Dive Brief:
- Nudges, or digital alerts designed to guide students through some element of the college experience, are effective when used with groups of hundreds or thousands of students, but scaling beyond that has been a challenge.
- To learn why, a new study examined two experiments that together nudged more than 800,000 students through mailers, emails and text messages to complete their FAFSA forms — efforts the researchers found had no effect on students' use of financial aid or college enrollment and persistence.
- The researchers suspect that's because students viewed the messaging as generic, but they contend involving local groups and using data to offer a higher degree of personalization and micro-targeted outreach could help.
Dive Insight:
"While scaling interventions locally is a costlier and more labor-intensive approach to scale, by maintaining a stronger connection to students as recipients, the sustenance of positive impacts could justify greater costs," the researchers wrote in their report, which was published through the National Bureau of Economic Research (NBER).
The researchers are not the first to examine whether nudges could be effective at scale. In June, the College Board published a study on a similarly sized group of students, examining the impact of nudges such as text messages and fee waivers on enrollment.
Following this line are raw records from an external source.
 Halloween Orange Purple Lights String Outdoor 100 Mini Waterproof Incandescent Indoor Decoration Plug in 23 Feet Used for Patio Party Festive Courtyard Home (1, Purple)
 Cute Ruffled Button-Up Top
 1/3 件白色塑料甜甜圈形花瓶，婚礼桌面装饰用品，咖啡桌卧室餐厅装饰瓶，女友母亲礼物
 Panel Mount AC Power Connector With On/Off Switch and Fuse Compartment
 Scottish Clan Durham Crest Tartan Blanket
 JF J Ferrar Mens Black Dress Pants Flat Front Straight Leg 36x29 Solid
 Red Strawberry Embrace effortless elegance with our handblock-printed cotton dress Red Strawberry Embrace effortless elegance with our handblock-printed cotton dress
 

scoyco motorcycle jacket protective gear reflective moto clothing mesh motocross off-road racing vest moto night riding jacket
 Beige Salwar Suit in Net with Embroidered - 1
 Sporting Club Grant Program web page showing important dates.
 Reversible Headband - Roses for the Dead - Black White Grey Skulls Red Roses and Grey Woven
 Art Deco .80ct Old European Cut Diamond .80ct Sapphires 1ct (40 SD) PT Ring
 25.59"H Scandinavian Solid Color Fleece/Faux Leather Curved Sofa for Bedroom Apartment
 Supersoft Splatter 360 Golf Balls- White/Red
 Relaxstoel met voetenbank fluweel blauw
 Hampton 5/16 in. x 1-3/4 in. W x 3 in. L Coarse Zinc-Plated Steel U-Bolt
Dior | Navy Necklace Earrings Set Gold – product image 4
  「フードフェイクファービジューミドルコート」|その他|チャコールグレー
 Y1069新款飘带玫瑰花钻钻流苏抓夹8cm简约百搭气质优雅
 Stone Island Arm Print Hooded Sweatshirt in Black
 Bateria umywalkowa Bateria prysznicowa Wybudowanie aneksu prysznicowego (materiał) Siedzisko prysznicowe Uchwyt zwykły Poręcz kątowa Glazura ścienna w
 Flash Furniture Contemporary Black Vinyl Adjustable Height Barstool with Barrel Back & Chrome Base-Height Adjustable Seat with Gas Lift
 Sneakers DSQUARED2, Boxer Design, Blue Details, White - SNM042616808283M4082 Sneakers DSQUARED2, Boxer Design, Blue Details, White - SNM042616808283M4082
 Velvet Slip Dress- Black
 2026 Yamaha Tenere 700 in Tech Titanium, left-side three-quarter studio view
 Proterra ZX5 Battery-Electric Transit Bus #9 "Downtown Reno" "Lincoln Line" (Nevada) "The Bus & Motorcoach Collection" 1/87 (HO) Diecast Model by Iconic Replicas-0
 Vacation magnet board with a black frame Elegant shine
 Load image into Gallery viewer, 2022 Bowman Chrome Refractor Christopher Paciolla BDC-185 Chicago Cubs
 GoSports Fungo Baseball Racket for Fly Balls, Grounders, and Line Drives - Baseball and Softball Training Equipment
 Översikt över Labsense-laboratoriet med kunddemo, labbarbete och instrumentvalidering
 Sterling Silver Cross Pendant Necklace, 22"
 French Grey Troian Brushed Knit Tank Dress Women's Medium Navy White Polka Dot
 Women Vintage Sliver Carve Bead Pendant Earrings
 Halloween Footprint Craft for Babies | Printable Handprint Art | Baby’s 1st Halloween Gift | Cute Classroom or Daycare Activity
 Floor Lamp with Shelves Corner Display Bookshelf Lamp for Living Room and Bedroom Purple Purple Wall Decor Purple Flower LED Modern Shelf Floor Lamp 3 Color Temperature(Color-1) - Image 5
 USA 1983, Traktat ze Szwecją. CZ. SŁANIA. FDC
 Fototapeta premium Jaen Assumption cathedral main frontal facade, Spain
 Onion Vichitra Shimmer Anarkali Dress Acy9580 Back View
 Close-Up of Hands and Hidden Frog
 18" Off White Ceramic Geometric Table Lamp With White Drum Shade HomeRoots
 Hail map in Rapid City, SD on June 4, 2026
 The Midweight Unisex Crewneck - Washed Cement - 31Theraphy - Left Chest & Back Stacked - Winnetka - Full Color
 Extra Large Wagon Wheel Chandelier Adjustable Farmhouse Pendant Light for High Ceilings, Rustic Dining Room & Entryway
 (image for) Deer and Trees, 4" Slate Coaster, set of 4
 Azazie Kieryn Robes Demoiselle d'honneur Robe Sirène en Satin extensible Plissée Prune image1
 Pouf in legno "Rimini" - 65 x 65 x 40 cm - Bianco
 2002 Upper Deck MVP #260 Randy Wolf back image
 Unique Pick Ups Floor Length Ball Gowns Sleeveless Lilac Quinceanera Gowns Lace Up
While that study found an "extremely small" improvement in college quality for African American and Hispanic students, it concluded that the nudges didn't change students' enrollment patterns.
"It may be that when you're working with a really, really large group of students, there needs to be an additional layer of personalization," Oded Gurantz, a co-author of the College Board study, told Education Dive in June.
The NBER study examined two cohorts of students: those who registered with the Common Application and those who applied to college through a state-sponsored portal that funneled applications to institutions throughout the state.
The outreach included variations in how the content was framed and delivered, as well as offers of one-on-one advising in some cases. Students also received numerous reminders. But none of these variations appeared to make a difference, the researchers concluded, suggesting the lack of interest may have been because the messages were "primarily generic and one-way," which is "one of the limitations of a global approach" to nudging.
The ability for a college or local organizations to forge stronger connections with students was a factor both the College Board and NBER reports, respectively, acknowledged as a challenge to scaling nudges.
And while the College Board's report suggested nudges offering "human assistance" can have a bigger impact, the NBER report noted it would be difficult for an organization operating a large-scale nudging campaign to meaningfully provide that level of service to hundreds of thousands of students.
The latter suggested large-scale nudging campaigns use supplemental data to develop micro-targeted messaging and to infuse their outreach with higher degrees of personalization, mirroring common social media practices.
To be sure, colleges are finding success with targeted nudges. Some are using them to reach students who left school without completing a credential. Others are implementing them to reduce summer melt rates or to encourage students to re-enroll. But doing so mindfully is key to not overwhelming students, nudging experts say.